In residential subdivisions, they typically required a survey called an “improvement location certificate” or ILC. An ILC shows the boundary lines of the lot, the location of major improvements (especially structures such as the house, any decks, and the garage), as well as any easements. ILC’s were used to confirm that structures were within the boundary lines of the lot, that the structures on neighboring lots didn’t overlap the boundaries of the lot, and that the structures on the lot didn’t encroach on easements on the lot (e.g., that the deck wasn’t built over the area reserved for underground utility lines).

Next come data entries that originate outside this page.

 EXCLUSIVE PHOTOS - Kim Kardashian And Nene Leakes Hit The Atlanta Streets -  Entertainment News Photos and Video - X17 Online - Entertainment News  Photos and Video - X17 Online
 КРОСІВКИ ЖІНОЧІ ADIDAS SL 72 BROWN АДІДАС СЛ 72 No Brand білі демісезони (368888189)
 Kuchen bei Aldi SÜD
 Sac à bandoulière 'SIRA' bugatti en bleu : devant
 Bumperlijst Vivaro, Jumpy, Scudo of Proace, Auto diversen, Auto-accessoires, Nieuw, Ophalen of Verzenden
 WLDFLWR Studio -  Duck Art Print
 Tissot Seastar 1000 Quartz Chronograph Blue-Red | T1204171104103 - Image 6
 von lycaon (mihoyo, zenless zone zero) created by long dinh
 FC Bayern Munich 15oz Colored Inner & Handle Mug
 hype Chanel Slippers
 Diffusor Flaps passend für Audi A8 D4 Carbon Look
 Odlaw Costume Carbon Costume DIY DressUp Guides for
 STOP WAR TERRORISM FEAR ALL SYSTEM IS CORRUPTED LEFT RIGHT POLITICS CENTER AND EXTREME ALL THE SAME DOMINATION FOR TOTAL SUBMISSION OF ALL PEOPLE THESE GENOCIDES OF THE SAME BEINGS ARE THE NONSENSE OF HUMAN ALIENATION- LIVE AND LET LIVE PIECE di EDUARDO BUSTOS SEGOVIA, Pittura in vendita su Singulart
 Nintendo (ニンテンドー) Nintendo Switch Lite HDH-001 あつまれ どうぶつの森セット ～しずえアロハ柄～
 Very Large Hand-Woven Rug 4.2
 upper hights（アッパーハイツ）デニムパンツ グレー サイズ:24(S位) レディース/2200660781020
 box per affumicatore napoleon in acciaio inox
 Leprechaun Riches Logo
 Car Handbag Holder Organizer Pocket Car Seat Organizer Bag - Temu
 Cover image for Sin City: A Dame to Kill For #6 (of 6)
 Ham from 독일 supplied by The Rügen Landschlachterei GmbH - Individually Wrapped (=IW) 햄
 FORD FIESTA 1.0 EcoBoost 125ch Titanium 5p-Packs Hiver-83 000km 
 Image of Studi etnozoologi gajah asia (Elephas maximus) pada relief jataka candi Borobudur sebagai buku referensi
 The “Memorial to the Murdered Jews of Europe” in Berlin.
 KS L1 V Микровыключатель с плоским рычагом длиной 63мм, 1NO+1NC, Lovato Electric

While these routine ILCs sometimes uncovered problems, most lenders and title companies in Colorado have quit requiring ILCs in connection with most residential purchases. Because there were powerful incentives to keep the costs of ILCs low, their accuracy and reliability were also low. An ILC would often indicate that there wasn’t a problem when there was, and they might indicate a problem that a more accurate and expensive survey would demonstrate did not in fact exist.

As a real estate buyer, you can choose to have a survey whether or not the lender and Title Company require it. A survey that will provide definitive information may cost you several thousand dollars. It generally doesn’t make sense to lay out this kind of money unless you have reason to think there’s a problem. One option is to pay $150 or so for an ILC as a screening mechanism. If there are structures that appear to be very near important lot lines or easements, you might then decide to pay for a more exacting and expensive survey to resolve the issue. You should give serious consideration to doing this if you are buying in a very old subdivision, if there are significant structures that were built some time after the original home, or if buildings or other improvements seem to be very close to the apparent lot lines.

Surveys of Mountain or Rural Real Estate

For mountain and rural property, where the land and land boundaries are often critical to defining property values, sophisticated and expensive surveys are a common element in the purchase process. In many cases, the seller will pay for the survey in order to provide the buyer with a clear “picture” of what they are buying. If you are buying vacant land on which to build a new home, obtaining good surveys is critical and often expensive. If you don’t obtain a survey before you buy the lot, you’ll probably have to before you begin construction anyway.


Surveyors have extensive certification and licensing requirements, so a reasonable level of competence is to be expected. If you want a surveyor for a particular property, it is often worthwhile to call several companies who work in the area. If they’ve recently done a survey of a neighboring lot, or of the property you are purchasing, they will typically charge much less, often because they’ve already precisely located a nearby point from which they can begin the job of survey your property.